Proteins undergo denaturation, reduction, and alkylation treatment, followed by specific cleavage with trypsin or other alkaline proteases to decompose intact proteins into peptide mixtures.
After enzymatic digestion, peptide mixtures are subjected to chemical labeling, then O-GlcNAc-modified glycopeptides are enriched using hydrophilic interaction chromatography or solid-phase extraction, followed by photocleavage or enzymatic release.
Enriched samples are separated via high-performance liquid chromatography, analyzed using high-resolution mass spectrometry, and high-quality mass spectrometry data is obtained.
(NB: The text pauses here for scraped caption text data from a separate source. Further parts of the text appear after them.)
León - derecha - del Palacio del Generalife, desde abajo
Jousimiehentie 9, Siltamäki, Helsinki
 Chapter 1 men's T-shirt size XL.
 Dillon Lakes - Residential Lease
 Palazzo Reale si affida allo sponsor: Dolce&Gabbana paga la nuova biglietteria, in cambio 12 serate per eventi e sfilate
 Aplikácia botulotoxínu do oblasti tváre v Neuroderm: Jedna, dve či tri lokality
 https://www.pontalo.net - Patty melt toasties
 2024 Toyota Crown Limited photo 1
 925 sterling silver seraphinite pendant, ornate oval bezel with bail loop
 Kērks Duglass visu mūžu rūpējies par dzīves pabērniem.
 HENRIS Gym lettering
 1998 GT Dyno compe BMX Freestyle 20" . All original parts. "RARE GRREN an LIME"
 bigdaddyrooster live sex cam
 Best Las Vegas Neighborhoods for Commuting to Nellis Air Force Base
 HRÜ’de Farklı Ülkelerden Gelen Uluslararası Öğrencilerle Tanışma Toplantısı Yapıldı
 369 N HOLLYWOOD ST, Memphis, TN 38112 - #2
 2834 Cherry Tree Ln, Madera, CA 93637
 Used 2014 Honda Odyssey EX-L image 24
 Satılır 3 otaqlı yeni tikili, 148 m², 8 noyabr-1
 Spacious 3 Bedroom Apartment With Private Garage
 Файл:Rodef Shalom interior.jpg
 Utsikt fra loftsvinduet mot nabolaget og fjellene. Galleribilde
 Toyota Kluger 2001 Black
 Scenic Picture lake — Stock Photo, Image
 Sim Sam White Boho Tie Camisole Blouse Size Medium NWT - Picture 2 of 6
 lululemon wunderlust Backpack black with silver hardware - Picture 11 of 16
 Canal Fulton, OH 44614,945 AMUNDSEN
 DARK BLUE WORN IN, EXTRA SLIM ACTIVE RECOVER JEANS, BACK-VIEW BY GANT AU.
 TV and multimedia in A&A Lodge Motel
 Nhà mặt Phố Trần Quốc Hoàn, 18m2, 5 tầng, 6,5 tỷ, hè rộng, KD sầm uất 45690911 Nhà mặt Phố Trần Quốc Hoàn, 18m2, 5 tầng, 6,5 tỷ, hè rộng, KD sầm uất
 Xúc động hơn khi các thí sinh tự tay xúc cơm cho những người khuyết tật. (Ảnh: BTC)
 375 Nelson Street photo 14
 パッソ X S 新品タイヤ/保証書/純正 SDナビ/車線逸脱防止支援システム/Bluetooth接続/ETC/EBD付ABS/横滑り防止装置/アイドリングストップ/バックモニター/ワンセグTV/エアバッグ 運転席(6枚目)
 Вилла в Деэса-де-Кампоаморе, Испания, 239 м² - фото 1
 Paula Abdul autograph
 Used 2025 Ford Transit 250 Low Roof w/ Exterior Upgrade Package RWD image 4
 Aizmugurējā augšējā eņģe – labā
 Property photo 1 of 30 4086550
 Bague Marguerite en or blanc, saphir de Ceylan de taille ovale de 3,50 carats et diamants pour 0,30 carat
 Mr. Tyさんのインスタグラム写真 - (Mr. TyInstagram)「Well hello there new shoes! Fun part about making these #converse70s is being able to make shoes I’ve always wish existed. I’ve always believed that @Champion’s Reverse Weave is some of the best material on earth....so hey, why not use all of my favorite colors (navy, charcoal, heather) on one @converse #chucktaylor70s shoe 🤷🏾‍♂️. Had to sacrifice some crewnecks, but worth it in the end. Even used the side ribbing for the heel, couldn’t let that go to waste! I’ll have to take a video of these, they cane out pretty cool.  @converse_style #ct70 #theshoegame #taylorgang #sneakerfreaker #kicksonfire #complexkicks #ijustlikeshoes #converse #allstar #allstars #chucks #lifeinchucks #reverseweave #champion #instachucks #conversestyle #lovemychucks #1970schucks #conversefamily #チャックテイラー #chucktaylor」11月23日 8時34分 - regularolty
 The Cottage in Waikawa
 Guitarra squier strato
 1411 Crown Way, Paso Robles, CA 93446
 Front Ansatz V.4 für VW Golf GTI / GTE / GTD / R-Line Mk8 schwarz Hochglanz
Raw mass spectrometry data is processed including peptide identification, protein inference, modification site confirmation and localization, database searching, and data quality control.
We perform characterization analysis of O-GlcNAc modification sites, calculate modification expression differences, conduct GO enrichment and pathway analysis, construct protein interaction networks, and provide in-depth data interpretation.
Application
O-GlcNAc glycosylation proteomics services are widely applied in signal transduction and gene expression regulation research, cellular metabolism studies, protein quality control, cancer research, neurodegenerative diseases, metabolic diseases, cardiovascular disease research, and other fields, encompassing diverse sample types including tissues from various animal models (mice, rats, Arabidopsis, etc.), human-derived cells and tissues, patient body fluid samples, primary cells and cell lines, as well as in vitro cell culture systems.